[[ Given records, beginning ]]
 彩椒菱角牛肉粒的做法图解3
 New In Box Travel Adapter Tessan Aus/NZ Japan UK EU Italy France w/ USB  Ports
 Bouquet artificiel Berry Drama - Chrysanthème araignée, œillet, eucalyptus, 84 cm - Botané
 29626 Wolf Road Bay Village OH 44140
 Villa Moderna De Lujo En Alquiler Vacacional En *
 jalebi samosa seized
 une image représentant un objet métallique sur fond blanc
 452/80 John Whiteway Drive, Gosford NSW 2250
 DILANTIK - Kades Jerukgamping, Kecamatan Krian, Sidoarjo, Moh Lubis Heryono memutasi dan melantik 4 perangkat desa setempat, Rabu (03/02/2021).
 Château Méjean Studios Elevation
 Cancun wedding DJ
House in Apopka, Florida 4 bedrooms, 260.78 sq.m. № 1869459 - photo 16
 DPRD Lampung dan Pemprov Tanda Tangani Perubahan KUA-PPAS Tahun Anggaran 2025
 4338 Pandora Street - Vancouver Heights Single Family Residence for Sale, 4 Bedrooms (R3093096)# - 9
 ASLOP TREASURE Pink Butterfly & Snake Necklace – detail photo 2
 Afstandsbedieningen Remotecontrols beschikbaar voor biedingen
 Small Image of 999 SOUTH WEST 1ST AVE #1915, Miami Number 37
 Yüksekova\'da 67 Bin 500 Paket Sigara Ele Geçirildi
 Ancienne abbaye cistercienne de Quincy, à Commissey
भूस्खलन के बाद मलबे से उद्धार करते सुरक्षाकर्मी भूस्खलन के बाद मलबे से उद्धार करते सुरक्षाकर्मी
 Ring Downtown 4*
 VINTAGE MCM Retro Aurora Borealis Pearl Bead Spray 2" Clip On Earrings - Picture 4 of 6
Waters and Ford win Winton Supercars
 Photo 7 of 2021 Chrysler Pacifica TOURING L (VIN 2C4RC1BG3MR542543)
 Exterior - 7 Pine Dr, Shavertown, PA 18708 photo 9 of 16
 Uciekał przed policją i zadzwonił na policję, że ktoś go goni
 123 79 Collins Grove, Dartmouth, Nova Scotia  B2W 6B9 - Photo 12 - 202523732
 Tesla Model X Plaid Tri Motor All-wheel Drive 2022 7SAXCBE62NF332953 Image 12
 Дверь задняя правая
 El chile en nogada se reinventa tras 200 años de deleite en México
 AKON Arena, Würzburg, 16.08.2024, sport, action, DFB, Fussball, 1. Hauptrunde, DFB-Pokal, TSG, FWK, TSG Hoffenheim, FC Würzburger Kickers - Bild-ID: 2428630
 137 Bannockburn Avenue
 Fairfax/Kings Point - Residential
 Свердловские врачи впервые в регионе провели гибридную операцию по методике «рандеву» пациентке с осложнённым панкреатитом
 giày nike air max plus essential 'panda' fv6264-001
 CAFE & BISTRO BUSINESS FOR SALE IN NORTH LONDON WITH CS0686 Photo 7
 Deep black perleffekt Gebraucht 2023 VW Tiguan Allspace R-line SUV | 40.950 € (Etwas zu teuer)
[[ Given records, end ]]
Once you have read the data, copy all of it out exactly.

 彩椒菱角牛肉粒的做法图解3
 New In Box Travel Adapter Tessan Aus/NZ Japan UK EU Italy France w/ USB  Ports
 Bouquet artificiel Berry Drama - Chrysanthème araignée, œillet, eucalyptus, 84 cm - Botané
 29626 Wolf Road Bay Village OH 44140
 Villa Moderna De Lujo En Alquiler Vacacional En *
 jalebi samosa seized
 une image représentant un objet métallique sur fond blanc
 452/80 John Whiteway Drive, Gosford NSW 2250
 DILANTIK - Kades Jerukgamping, Kecamatan Krian, Sidoarjo, Moh Lubis Heryono memutasi dan melantik 4 perangkat desa setempat, Rabu (03/02/2021).
 Château Méjean Studios Elevation
 Cancun wedding DJ
House in Apopka, Florida 4 bedrooms, 260.78 sq.m. № 1869459 - photo 16
 DPRD Lampung dan Pemprov Tanda Tangani Perubahan KUA-PPAS Tahun Anggaran 2025
 4338 Pandora Street - Vancouver Heights Single Family Residence for Sale, 4 Bedrooms (R3093096)# - 9
 ASLOP TREASURE Pink Butterfly & Snake Necklace – detail photo 2
 Afstandsbedieningen Remotecontrols beschikbaar voor biedingen
 Small Image of 999 SOUTH WEST 1ST AVE #1915, Miami Number 37
 Yüksekova\'da 67 Bin 500 Paket Sigara Ele Geçirildi
 Ancienne abbaye cistercienne de Quincy, à Commissey
भूस्खलन के बाद मलबे से उद्धार करते सुरक्षाकर्मी भूस्खलन के बाद मलबे से उद्धार करते सुरक्षाकर्मी
 Ring Downtown 4*
 VINTAGE MCM Retro Aurora Borealis Pearl Bead Spray 2" Clip On Earrings - Picture 4 of 6
Waters and Ford win Winton Supercars
 Photo 7 of 2021 Chrysler Pacifica TOURING L (VIN 2C4RC1BG3MR542543)
 Exterior - 7 Pine Dr, Shavertown, PA 18708 photo 9 of 16
 Uciekał przed policją i zadzwonił na policję, że ktoś go goni
 123 79 Collins Grove, Dartmouth, Nova Scotia  B2W 6B9 - Photo 12 - 202523732
 Tesla Model X Plaid Tri Motor All-wheel Drive 2022 7SAXCBE62NF332953 Image 12
 Дверь задняя правая
 El chile en nogada se reinventa tras 200 años de deleite en México
 AKON Arena, Würzburg, 16.08.2024, sport, action, DFB, Fussball, 1. Hauptrunde, DFB-Pokal, TSG, FWK, TSG Hoffenheim, FC Würzburger Kickers - Bild-ID: 2428630
 137 Bannockburn Avenue
 Fairfax/Kings Point - Residential
 Свердловские врачи впервые в регионе провели гибридную операцию по методике «рандеву» пациентке с осложнённым панкреатитом
 giày nike air max plus essential 'panda' fv6264-001
 CAFE & BISTRO BUSINESS FOR SALE IN NORTH LONDON WITH CS0686 Photo 7
 Deep black perleffekt Gebraucht 2023 VW Tiguan Allspace R-line SUV | 40.950 € (Etwas zu teuer)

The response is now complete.